--- WORK ORDER ---
In the data below, find the line with "Soul crash Epic Battle" and the line with "SELBSTVERTRAUEN Kaugummi nach", then restate both and every line between them exactly, minus the pictures.

--- ENTRIES PROVIDED Enclosed Below ---

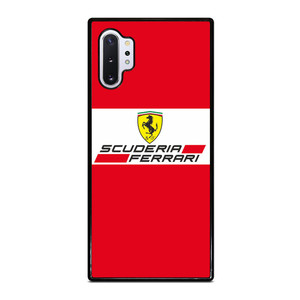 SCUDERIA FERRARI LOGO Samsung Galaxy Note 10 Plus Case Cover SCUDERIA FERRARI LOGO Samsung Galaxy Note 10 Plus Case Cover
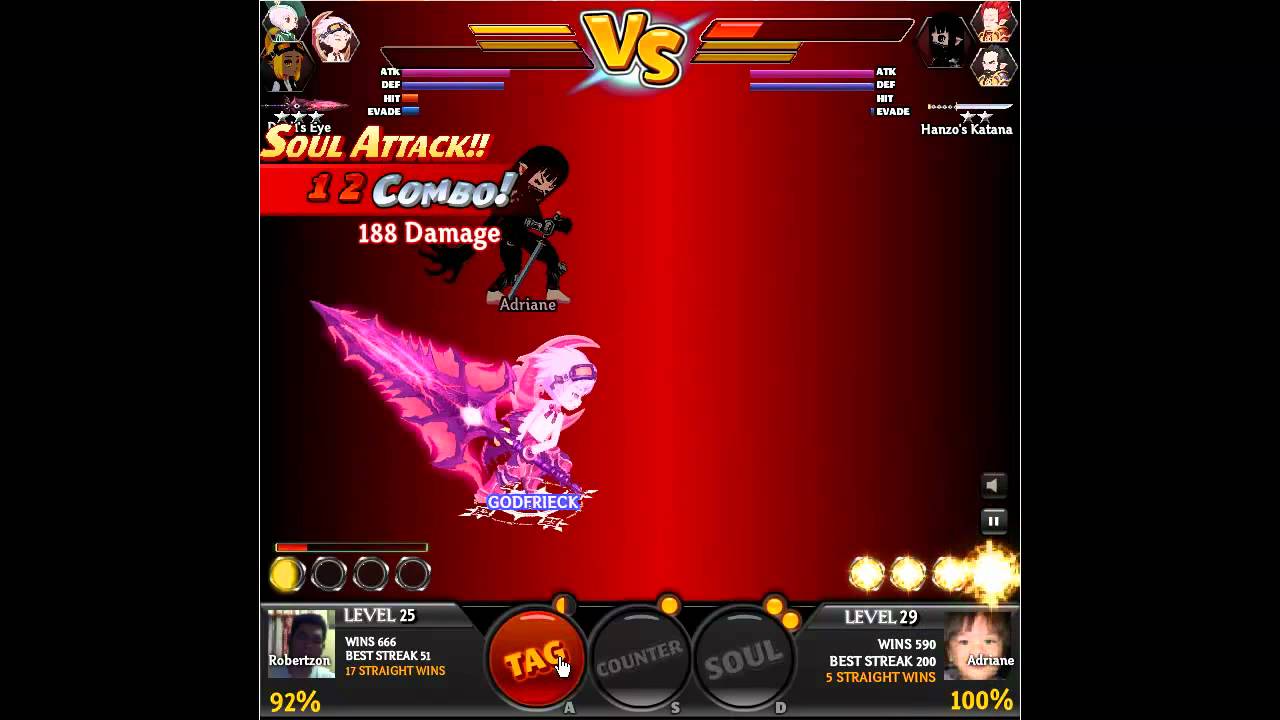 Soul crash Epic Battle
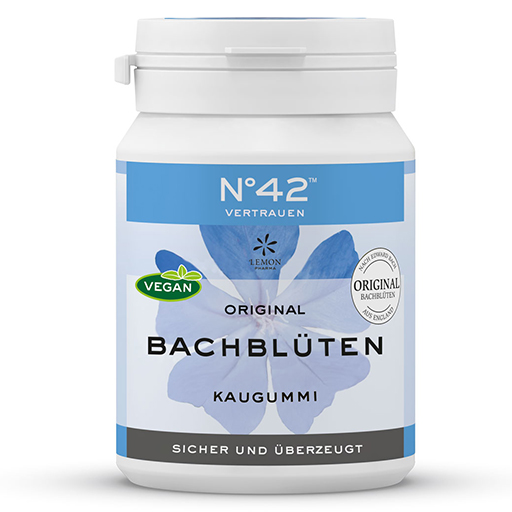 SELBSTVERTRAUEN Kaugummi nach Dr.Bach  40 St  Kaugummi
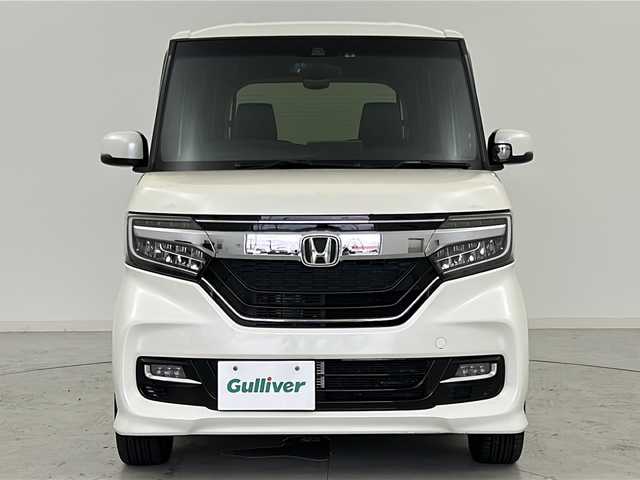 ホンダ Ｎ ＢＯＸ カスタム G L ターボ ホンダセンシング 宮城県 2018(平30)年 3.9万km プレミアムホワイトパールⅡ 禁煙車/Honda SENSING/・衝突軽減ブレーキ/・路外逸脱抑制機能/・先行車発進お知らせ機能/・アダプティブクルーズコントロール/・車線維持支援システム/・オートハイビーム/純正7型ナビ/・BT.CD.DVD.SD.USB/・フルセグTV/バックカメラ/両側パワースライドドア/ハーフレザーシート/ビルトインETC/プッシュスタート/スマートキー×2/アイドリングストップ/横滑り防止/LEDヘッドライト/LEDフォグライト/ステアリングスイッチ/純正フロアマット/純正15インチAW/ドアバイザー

--- End of Enclosed ENTRIES PROVIDED ---
--- ENTRIES PROVIDED Enclosed Below ---

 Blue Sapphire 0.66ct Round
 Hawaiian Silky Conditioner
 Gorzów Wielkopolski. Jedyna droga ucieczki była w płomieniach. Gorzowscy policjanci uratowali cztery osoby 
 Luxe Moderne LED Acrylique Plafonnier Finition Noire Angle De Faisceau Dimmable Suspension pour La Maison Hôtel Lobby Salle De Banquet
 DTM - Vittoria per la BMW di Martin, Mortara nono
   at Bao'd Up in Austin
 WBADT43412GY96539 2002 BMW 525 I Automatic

--- End of Enclosed ENTRIES PROVIDED ---
--- ENTRIES PROVIDED Enclosed Below ---

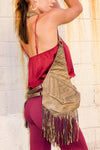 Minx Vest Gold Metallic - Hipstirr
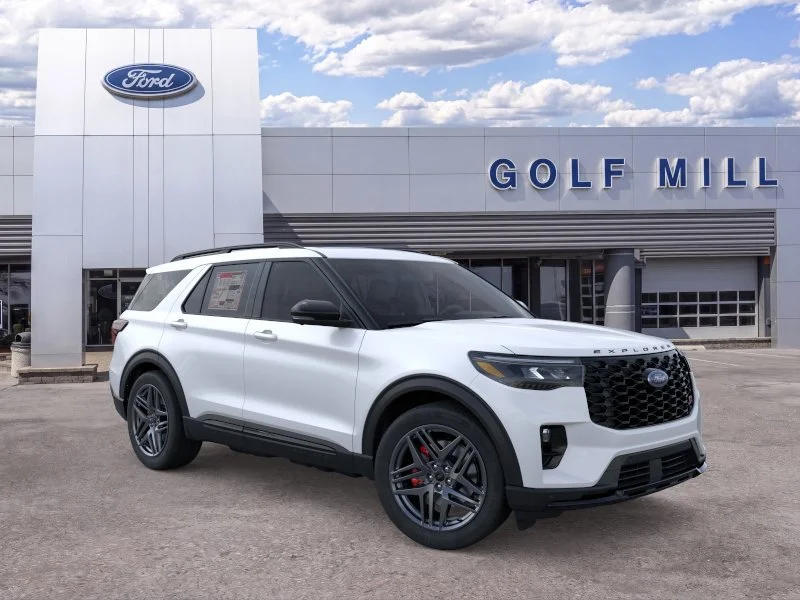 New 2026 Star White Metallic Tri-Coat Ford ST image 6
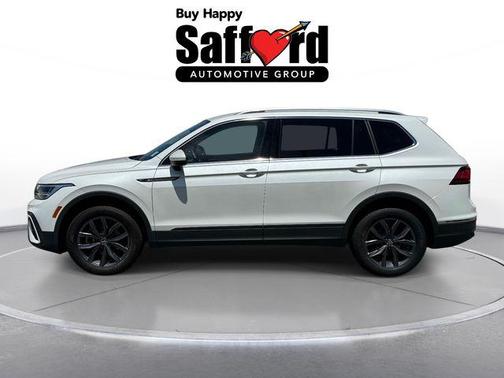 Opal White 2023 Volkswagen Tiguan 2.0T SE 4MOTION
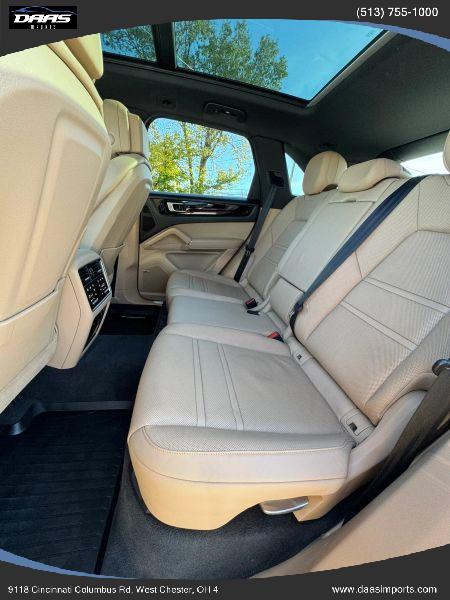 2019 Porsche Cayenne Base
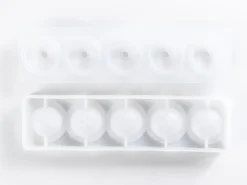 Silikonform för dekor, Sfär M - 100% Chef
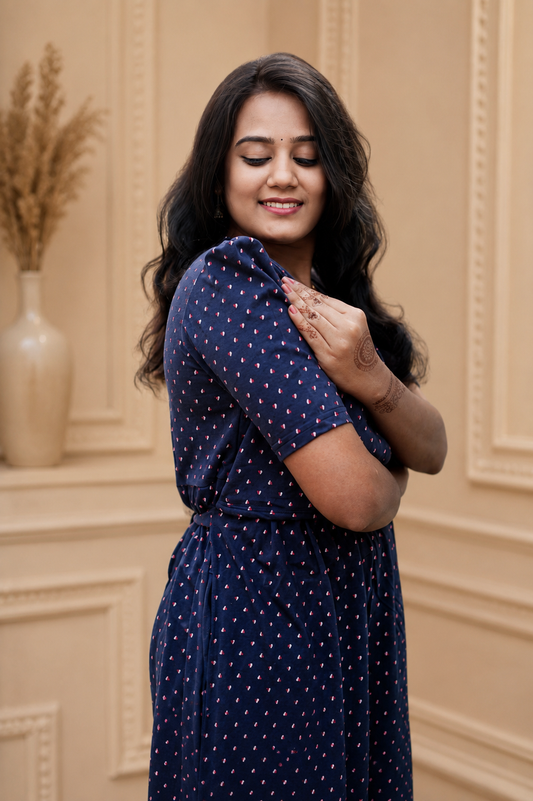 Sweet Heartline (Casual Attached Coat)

--- End of Enclosed ENTRIES PROVIDED ---

--- RESPONSE ---
 Soul crash Epic Battle
 SELBSTVERTRAUEN Kaugummi nach Dr.Bach  40 St  Kaugummi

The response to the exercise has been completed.